BRIEF DESCRIPTION OF THE DRAWINGS

The patent or application file contains at least one drawing executed in color. Copies of this patent or patent application publication with color drawing(s) will be provided by the Office upon request and payment of the necessary fee.

Some embodiments of the invention are described with respect to the following figures:

FIG. 1 illustrates an example customer review that can be processed by a technique according to some embodiments;

FIG. 2 illustrates an example result produced based on the analysis of the user review of FIG. 1, according to an embodiment;

FIG. 3 illustrates a scatter plot according to an embodiment that depicts a result of analysis of user reviews, according to an embodiment;

FIGS. 4-6 illustrate circular correlation maps produced according to an embodiment;

FIG. 7 is a flow diagram of a process of user review analysis and visualization, according to an embodiment; and

FIG. 8 is a block diagram of an exemplary system incorporating an embodiment.

DETAILED DESCRIPTION

An enterprise, such as a company, government agency, educational organization, and so forth, may receive feedback in the form of customer reviews regarding one or more offerings of the enterprise. An offering can be a good or service that is provided by the enterprise to customers (also referred to as consumers). The customer reviews can be submitted by customers in electronic form, such as over the web, by electronic mail, and so forth. Alternatively, the reviews can be submitted in paper form, such as on survey cards, with the enterprise subsequently entering the reviews in paper form into electronic form. A “review” refers generally to any feedback (which can be some aggregation of text and other data) submitted by consumers of the enterprise's offering.

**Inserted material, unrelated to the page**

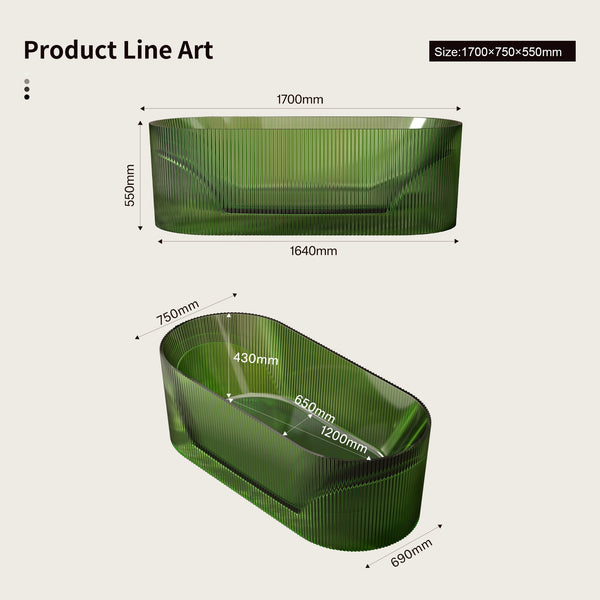 66.9 Inch MonBlari MIRAGE Resin Freestanding Bathtub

For a large enterprise that has a relatively large number of offerings or a relatively large number of customers, the number of reviews can be quite large. With a large number of customer reviews, it may be difficult for the enterprise to efficiently understand opinions expressed by customers in the customer reviews. Manual analysis is typically not practical in view of the relatively large number of customer reviews. Moreover, conventional automated techniques of analyzing reviews may not provide the output in a form that can be easily used by relevant personnel of the enterprise. In addition, conventional techniques of analyzing reviews may not be scalable, and thus may not be able to handle ever-expanding volumes of customer reviews in an efficient and flexible manner.

In accordance with some embodiments, an automated analysis and visualization mechanism is provided to enable automated analysis of customer reviews to extract positive and negative opinions expressed by customers in the reviews, and to provide an interactive visualization of the result of the analysis to allow analysts to be presented with an easily understandable summary of the analysis. The automated analysis is split into two phases: the first phase involves extraction of attributes that are found in the customer reviews; and the second phase involves analyzing each of the customer reviews separately with respect to opinions expressed regarding the attributes. For example, an enterprise may be involved in selling printers. In this example, attributes that are of interest include “printer,” “software,” “paper tray,” “toner,” and so forth. In reviews, customers may express opinions regarding these attributes.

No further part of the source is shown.